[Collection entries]
▬▬▬▬▬▬▬▬▬▬

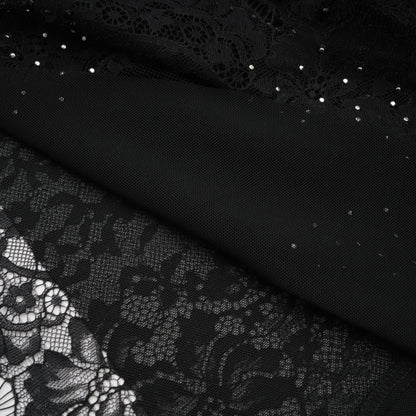 Black off the shoulder mesh dress with florallace fauxpearl details and lace hem size M
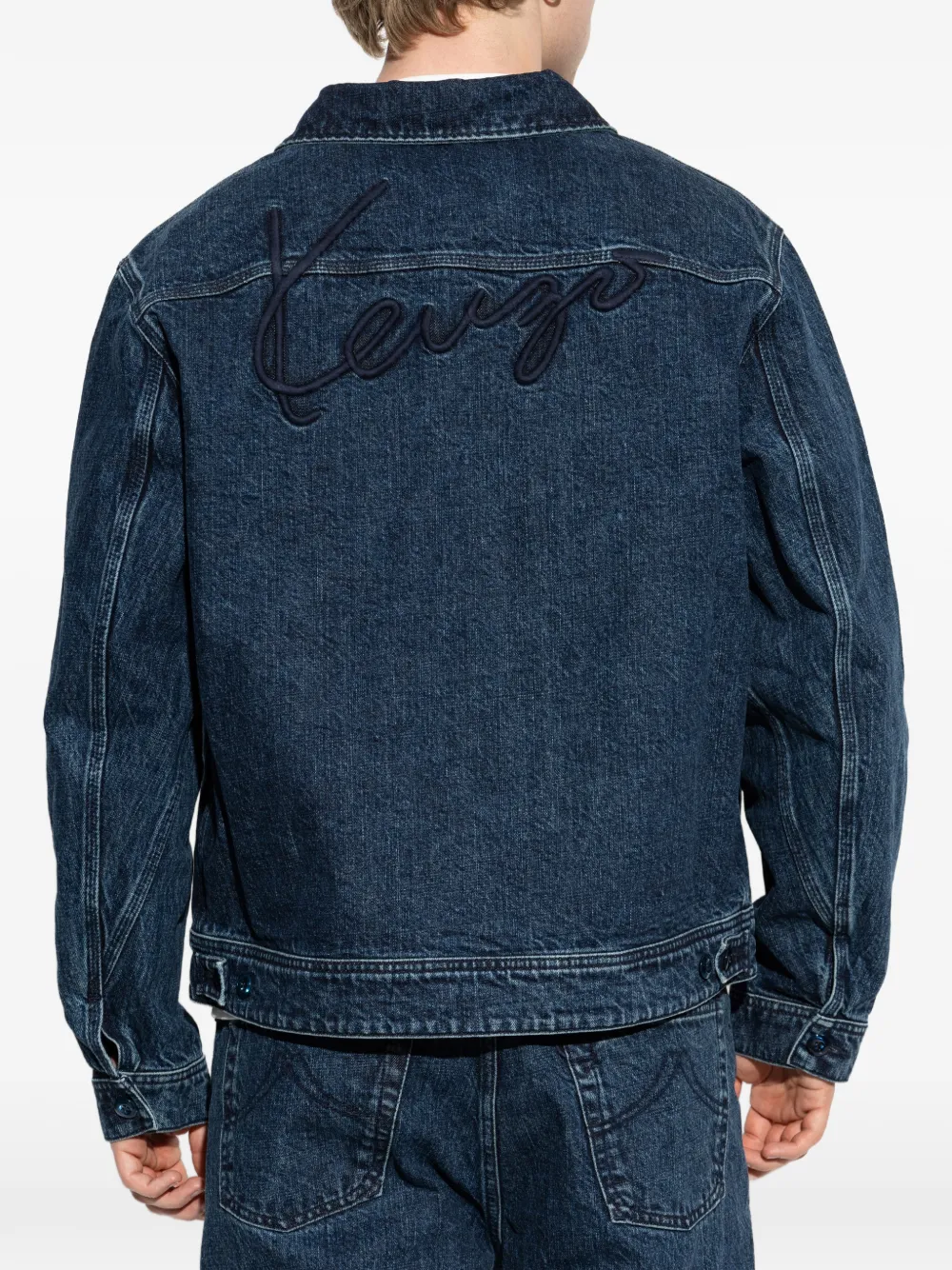 Kenzo Signature Utility denim jack met geborduurd logo Blauw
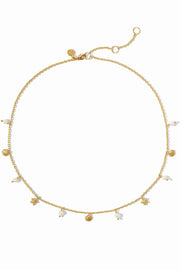 SANIBEL DELICATE CHARM NECKLACE- GLD/PEARL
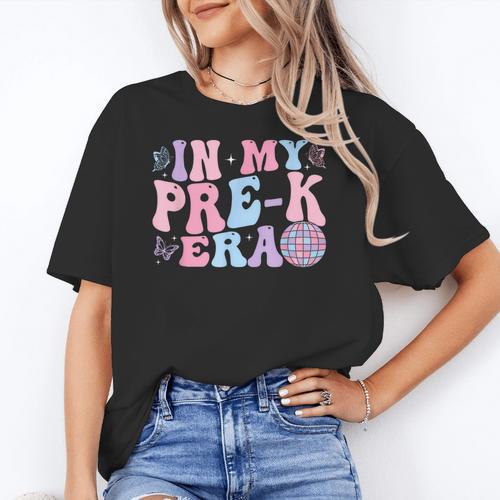 In My Pre K Era Groovy Back To School First Day Teacher Kids Women's T-Shirt - teacherstshirts.com UK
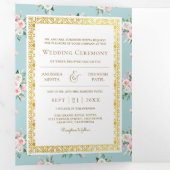 Blauw Roze Bloemen Alles in één Gouden Indische br Drieluik Uitnodiging (Binnenzijde eerst)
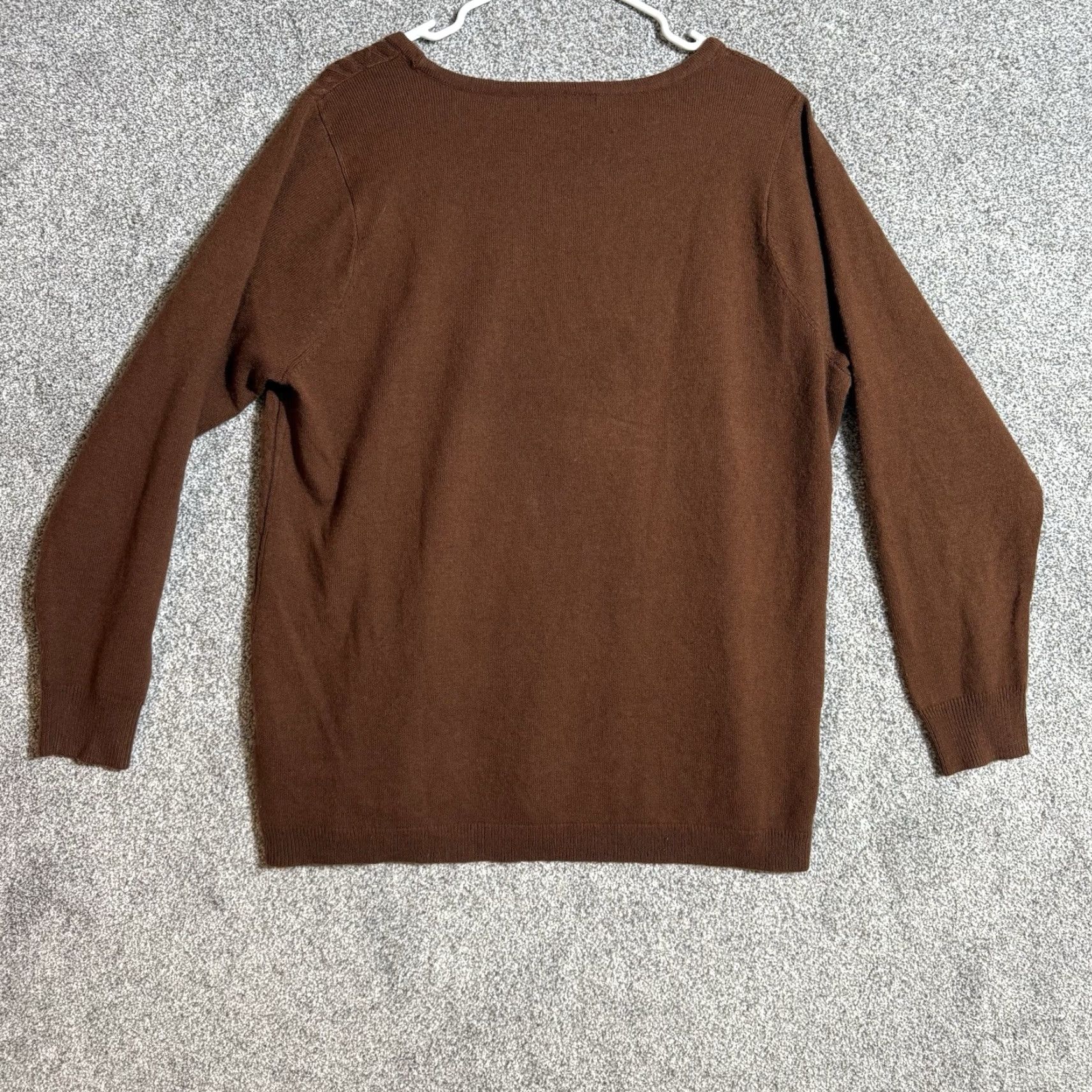 Vintage VINTAGE Grandpa Sweater Womens 1X Plus Size Cable Knit Cozy Warm Lagenlook Earthy 2010s Napa Valley Brown Acrylic Knit Pullover Round Neck Long Sleeve Size XL / US 12-14 / IT 48-50 - 7 Thumbnail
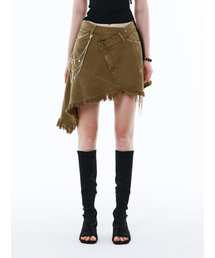YEEL（ワイイーイーエル）の「ASYMMETRIC CUT-OFF COTTON SKIRT BROWN（スカート）」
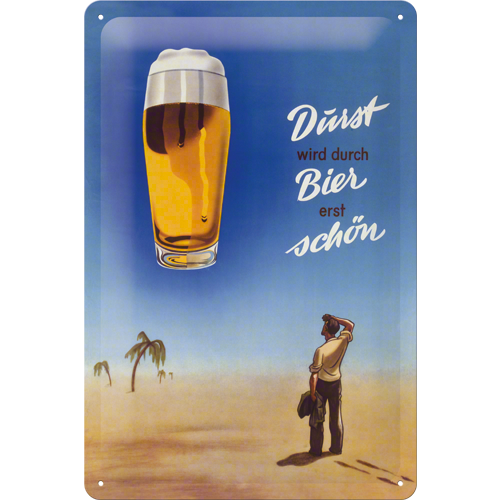 Metalskilt “Bier Durst” 20×30 cm.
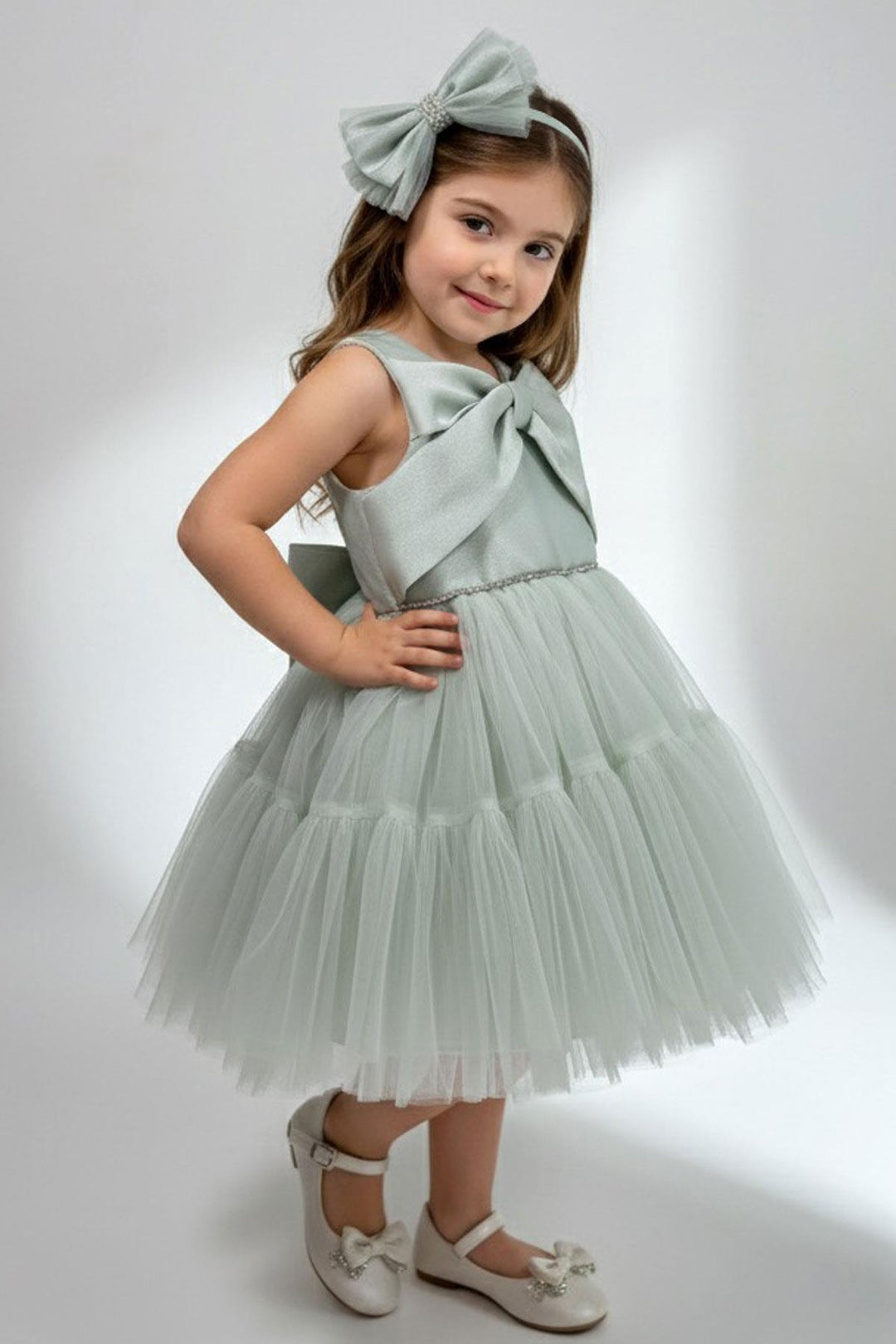 BRE Monita Girl Child Formal Dress with Bow Detail Back Embellished Waistband Crowned 1-5 Years, Aqua Green - Freital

▬▬▬▬▬▬▬▬▬▬

▶ WHAT THE TASK ASKS: Copy the records exactly as they appear, leaving every picture out.

▶ WRITTEN SOLUTION:
 Black off the shoulder mesh dress with florallace fauxpearl details and lace hem size M
 Kenzo Signature Utility denim jack met geborduurd logo Blauw
 SANIBEL DELICATE CHARM NECKLACE- GLD/PEARL
 In My Pre K Era Groovy Back To School First Day Teacher Kids Women's T-Shirt - teacherstshirts.com UK
 Blauw Roze Bloemen Alles in één Gouden Indische br Drieluik Uitnodiging (Binnenzijde eerst)
 Vintage VINTAGE Grandpa Sweater Womens 1X Plus Size Cable Knit Cozy Warm Lagenlook Earthy 2010s Napa Valley Brown Acrylic Knit Pullover Round Neck Long Sleeve Size XL / US 12-14 / IT 48-50 - 7 Thumbnail
YEEL（ワイイーイーエル）の「ASYMMETRIC CUT-OFF COTTON SKIRT BROWN（スカート）」
 Metalskilt “Bier Durst” 20×30 cm.
 BRE Monita Girl Child Formal Dress with Bow Detail Back Embellished Waistband Crowned 1-5 Years, Aqua Green - Freital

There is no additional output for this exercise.